013

安全を知らせる信号弾のあと,勝利を告げるかのように登る太陽とともに,二人は里に帰ってきた。出迎えたメンバーが驚いたのはアルジの変わりはてた姿である。その腕はなく,全身に桃色の液体がへばりついてひどい悪臭を放っている。

「アルジ,まるのみされたか?」クビワの質問も最もだった。「早く手当てしないと」「傷口の縫合はあとでもよさそうだ。とりあえず身体を洗おう。」ショムの気遣いにシッショがアドバイスをする。「クビワ。手伝ってくれるよね」「いいぞ。あさぶろだな」

「ええと,それはちょっと」アルジがうろたえる。「大丈夫だよ。クビワは気にしないから」アルジのためらう理由にショムは気付き,苦笑いをした。「アルジ。あさぶろはいいぞ!」クビワに背中を押され,しぶしぶアルジは回収した素材をケライに託し,湯治場へ向かった。その間,ショムはケライを呼び,事情をオヤブンに説明することになった。

腕には水避けの膜が張られているものの,頭から薬湯がかけられるたび,熱が伝わり激烈な痛みをひきおこした。だが,石鹸で全身をくまなく洗ってもらっている間もアルジはつとめて無心を保とうとした。「アルジ,どうしてずっとめをつぶってる?もうあたまにせっけんついてないぞ。いたくないぞ」「いえ,腕は痛いです」「うでがいたいとめに,めが?めが!めがしみるのか?」「はい,色々と」「うでがいたいとめがしみるのか!ふしぎだな!」その二人の珍妙なやりとりに,シッショは笑いを抑えることができなかった。

その後3人は並んで湯船につかった。クビワはあおむけのまま器用に浮き,満足気に眠っている。

「クビワさんは面白い方ですね」「だろ。自分の子供みたいでさ。かわいくてしょうがないんだこれが」

「私たちと初めて会ったときのこと覚えていますか」「もちろん。二人とも凍死しかけてたっけ」当時を思い出したのかシッショは笑う。それを見てアルジは言葉を続けた。「私はミミさんにもオヤブンさんにも初めて会ったときはいろいろ疑われたんですが」「ん?」「どうしてシッショさんは私が本物の後発隊だとすぐにわかったんですか」

「どうしても何も」シッショは当たりまえの理由を問われたようで,少し考えた。そして,ジブーに乗ってきたっていうのもあるけど,と前置きしたうえで,「アルジが不器用にみえたからさ」と言った。

「不器用?」「密偵ならもっとまともな性格をしてるだろう,ってことだよ」その言葉を口にしてから,シッショははっとして自分の非礼をあわてて詫びた。だがアルジは自覚があるので気にしないよう答えた。

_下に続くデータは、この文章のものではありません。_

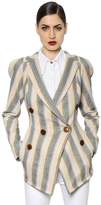 Vivienne Westwood Striped Cotton Canvas Jacket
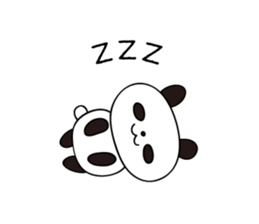 Panda (expressionless face) sticker #5235952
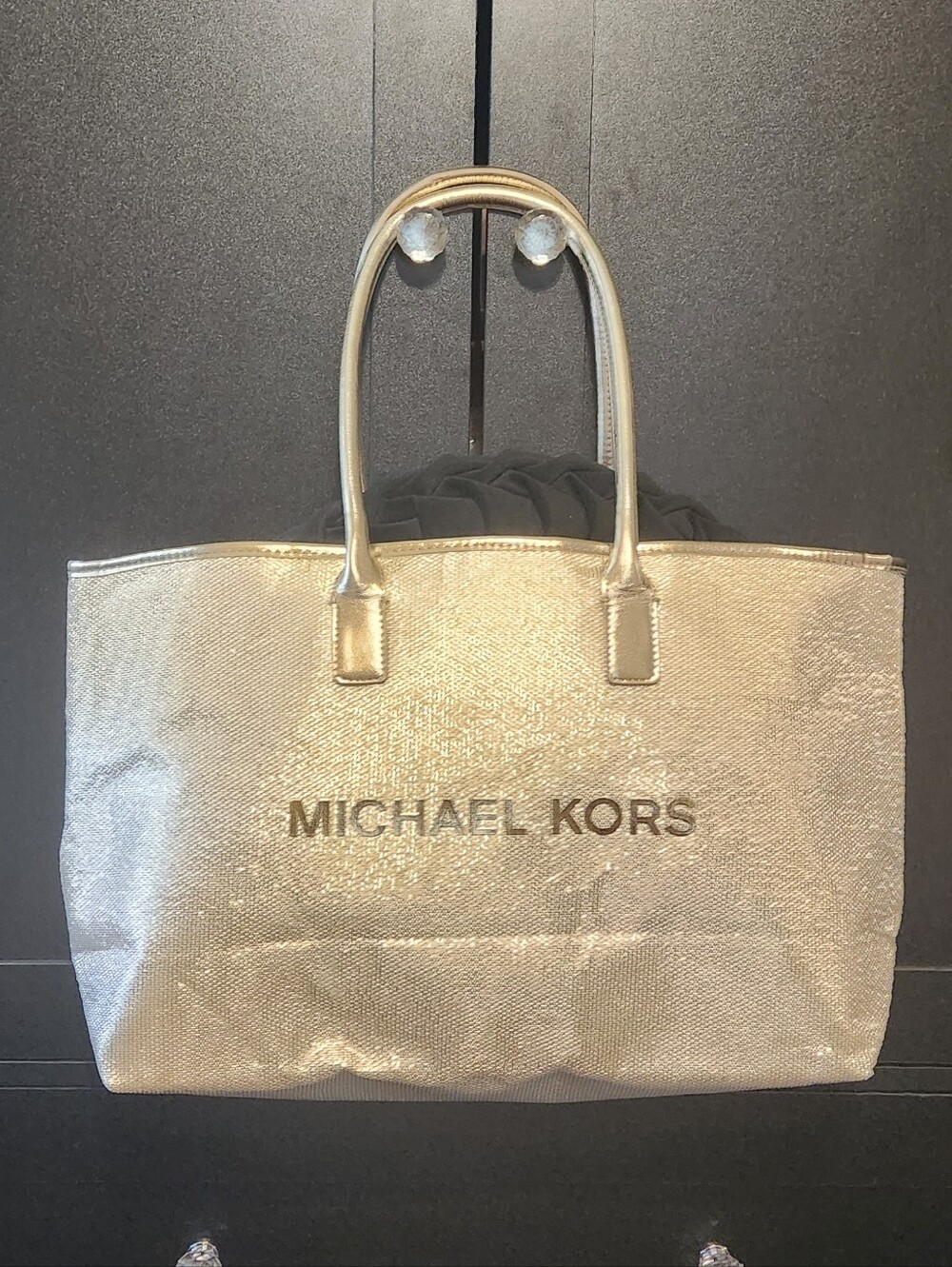 Michael Kors Gold Shimmery Tote. NWOT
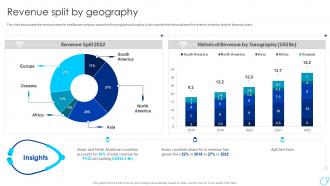 Revenue Split By Geography Healthcare Company Profile Ppt Portrait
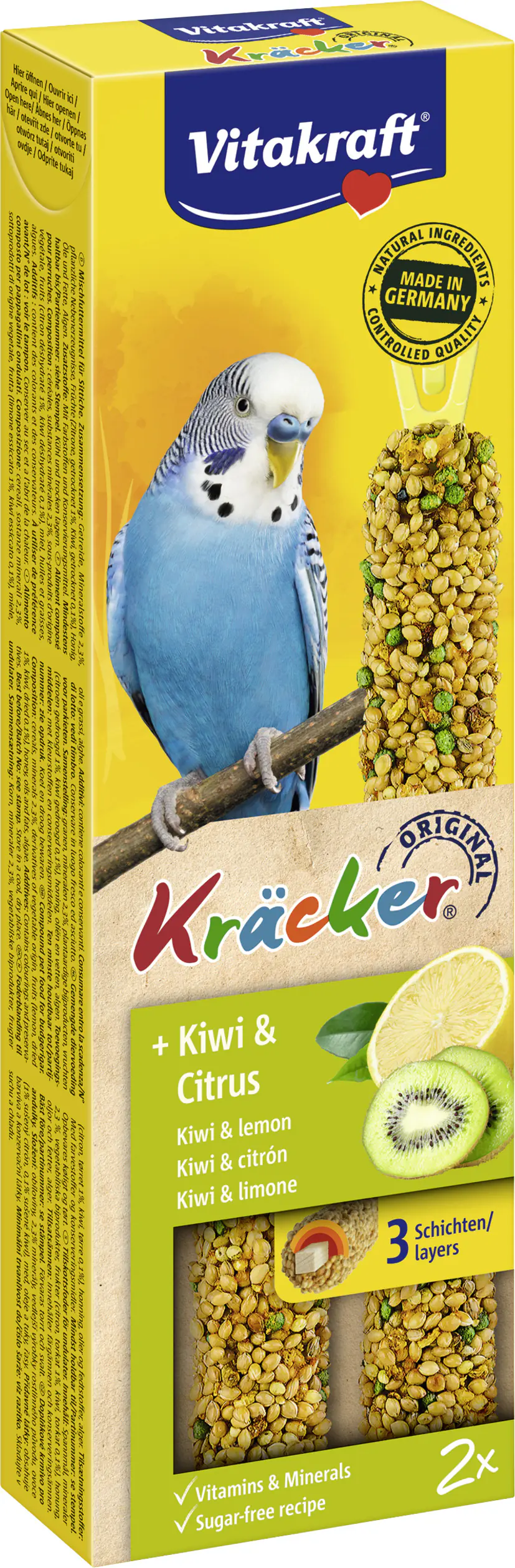Vitakraft Kräcker® Kiwi & Citrus 2 Stück / 60 g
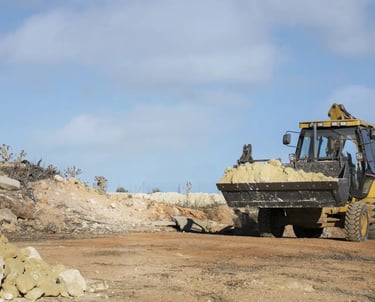 Shovel die aarde pakt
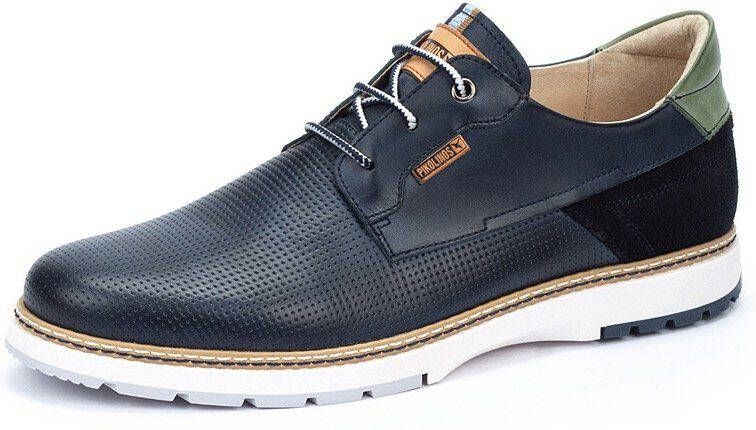 PIKOLINOS Veterschoenen Olvera met logo-patch vrijetijdsschoen lage schoen veterschoen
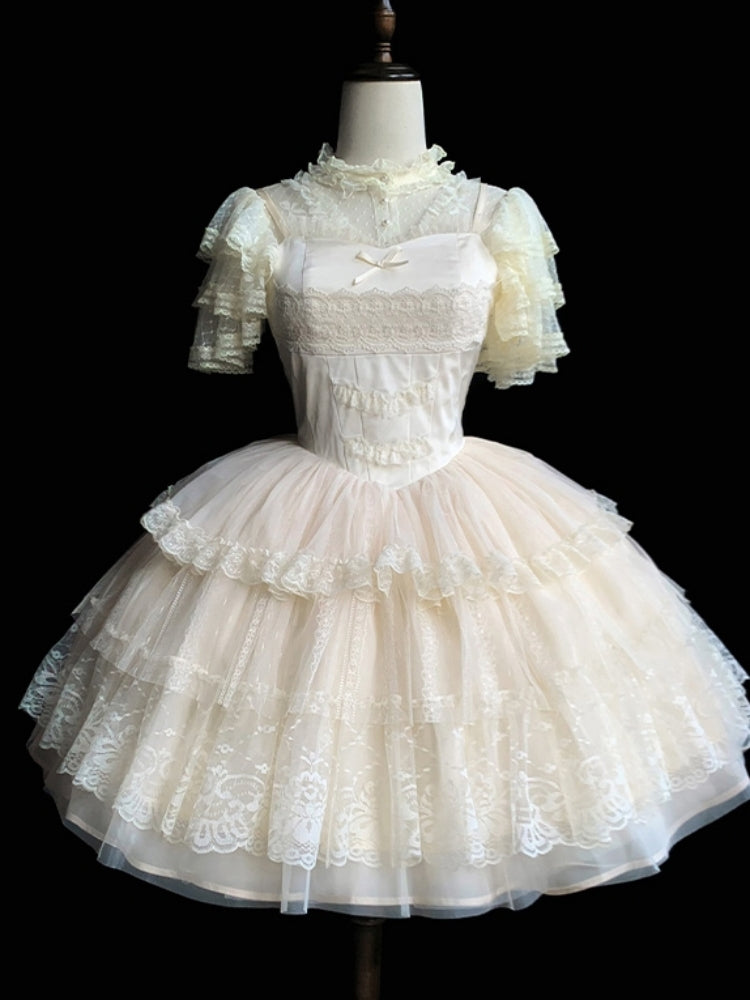 Ballerina-Style Tiered Dress WIT0217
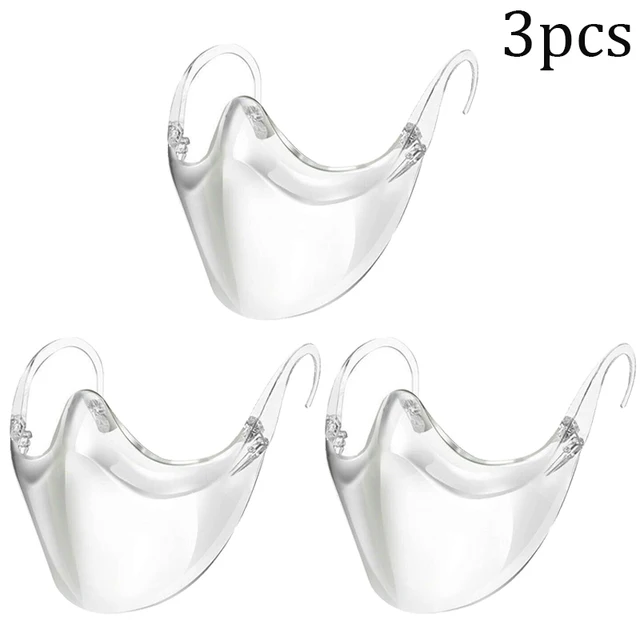 3pcs transparent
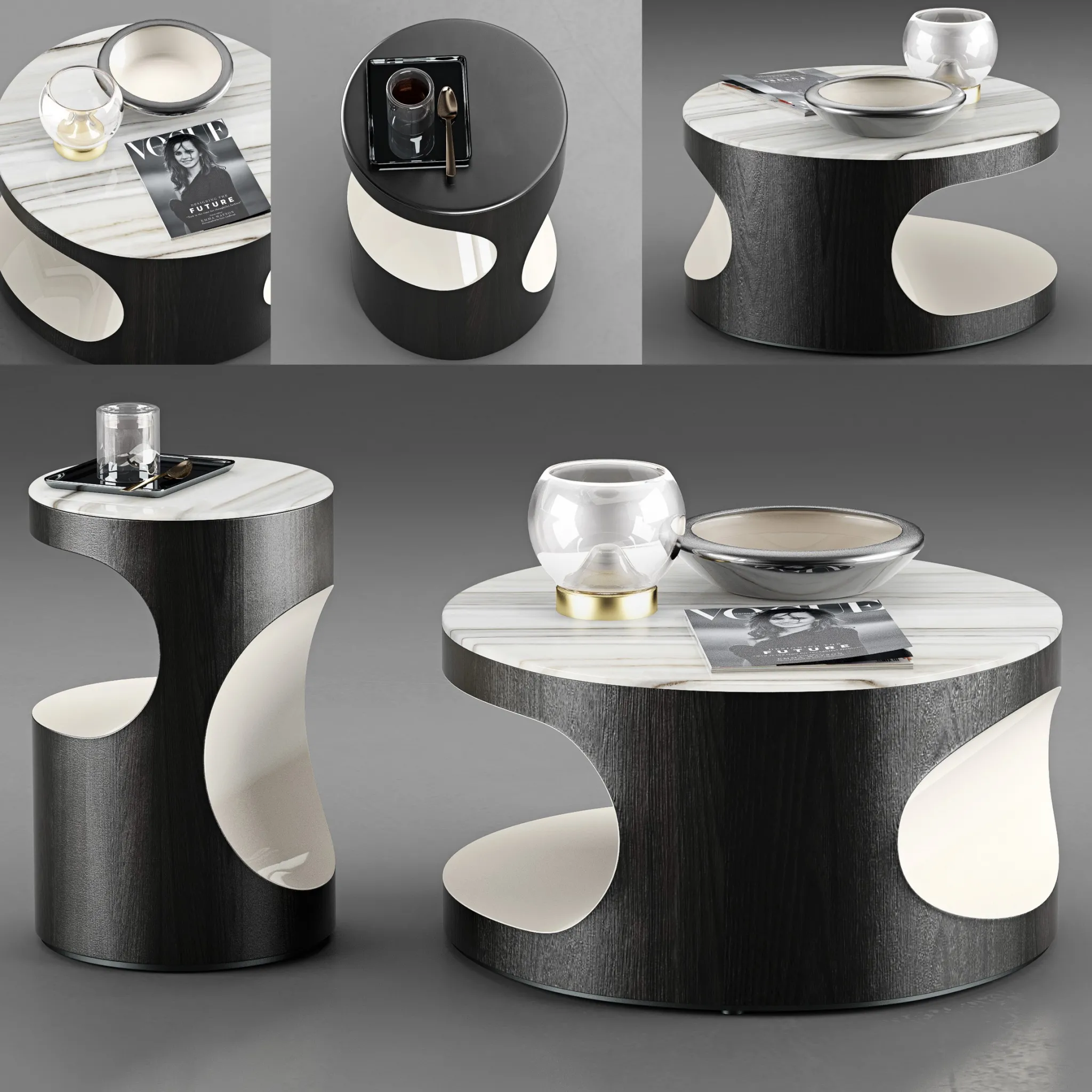 furniture – Minotti Boden coffee tables 3ds Max
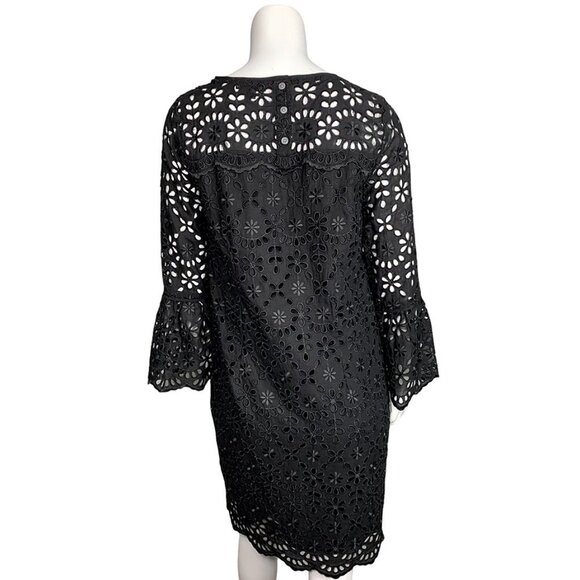 NWT J. CREW Scalloped Eyelet Lace Cutout Lace Shift Dres - Picture 6 of 10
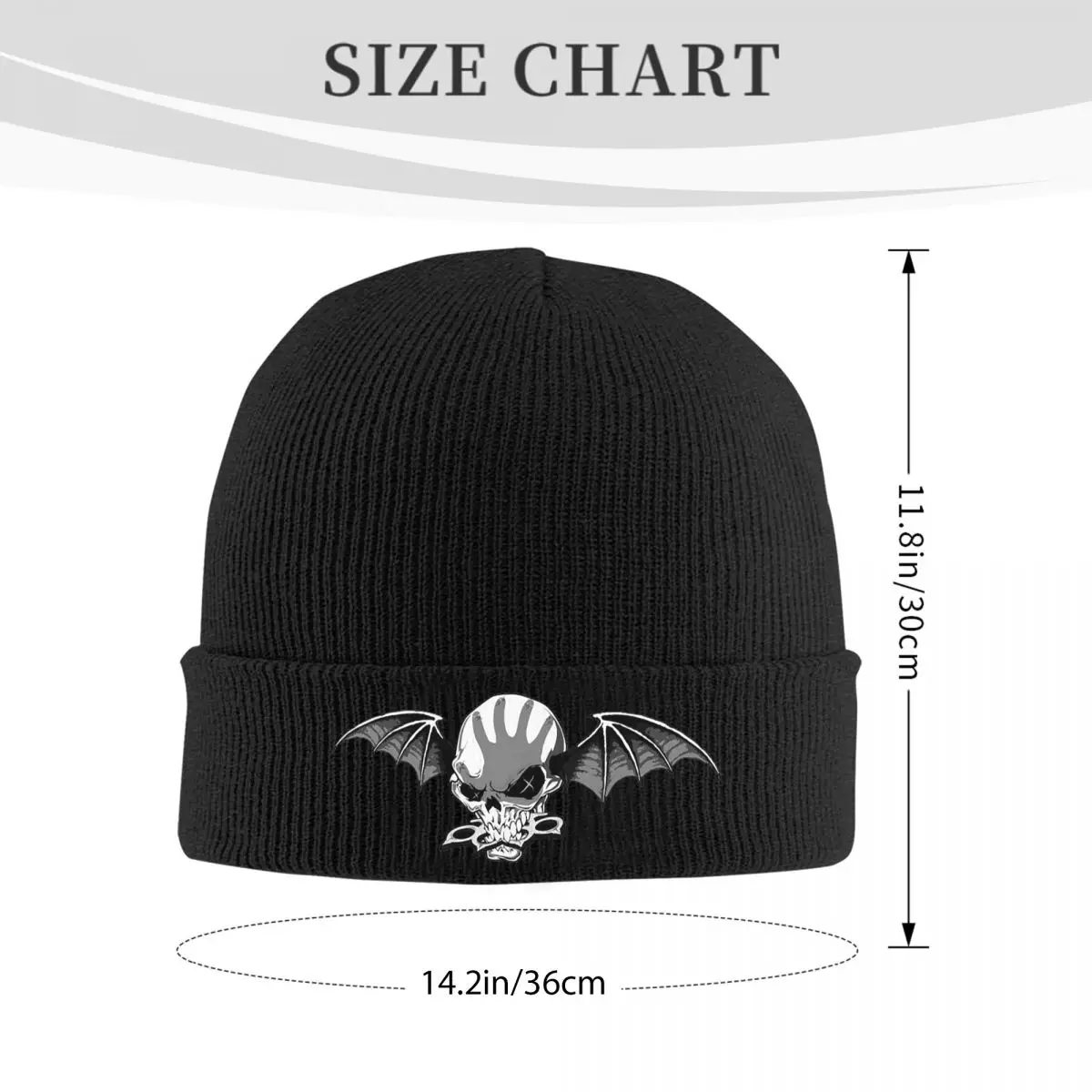 Five Finger Death Punch Warm Knitted Cap Winter Knit Bonnet Hat Skullies Beanies Hip Hop Caps for Unisex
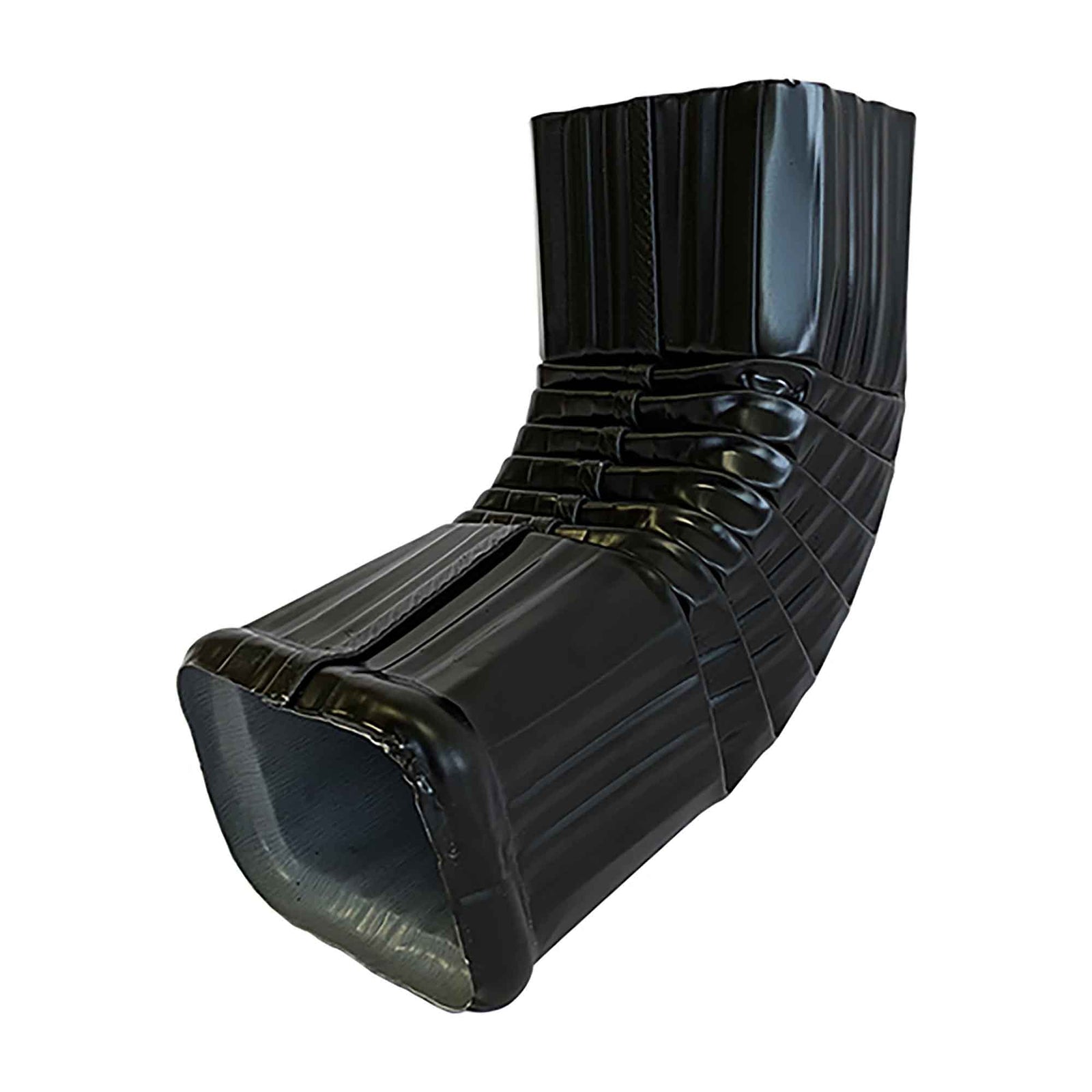 Sabot A pour descente de gouttière en galvalume, noir (2" x 3")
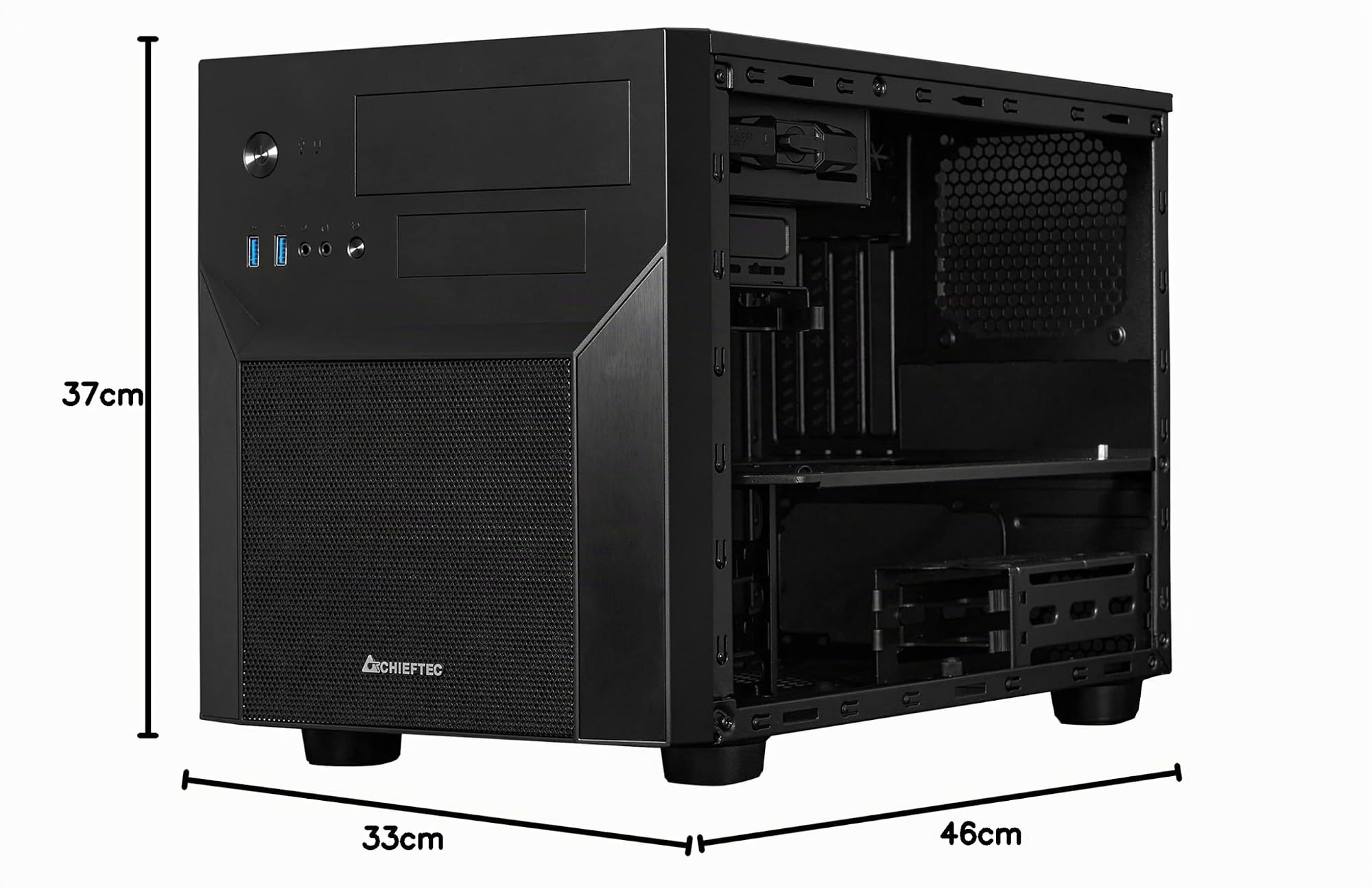 Chieftec CI-02B-Op Computer Case Cubo Nero (chieftec Mesh Series CI-02B-Op - Cube)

気が緩むとつい本音が漏れちゃうんだよなぁ。そうひとりごとのように言ってから,シッショは遠くを見るような目で「クビワを見てるとさ。不器用でも一生懸命生きてる人見ると応援したくなっちゃうんだ」とつぶやいた。

「わー!」シッショは突然大声をあげ,二人を驚かせた。さらに「のぼせちゃった。先に出るよ。クビワはアルジの身体を拭いてあげてね」と言いのこして逃げるように先にあがってしまった。

まずい。「いえ,私ももうあがります」アルジは立ちあがろうとしたが,シッショの声で起きあがったクビワに頭から抑えつけられてしまう。「よいこはひゃくかぞえるまであがっちゃだめだぞ!」

そのまま動けないよう背後から組みつかれ,100まで数えることになった。暴れて腕を濡らすわけにはいかない。だがクビワの数え方はテキトーだったため,アルジがかわりに全部数えるはめになった。

その後,ゆでだこ状態となったアルジは,しばらく意識が朦朧としていた。そのおかげもあり,気絶することなく不要な骨の除去と腕の縫合を済ませることができた。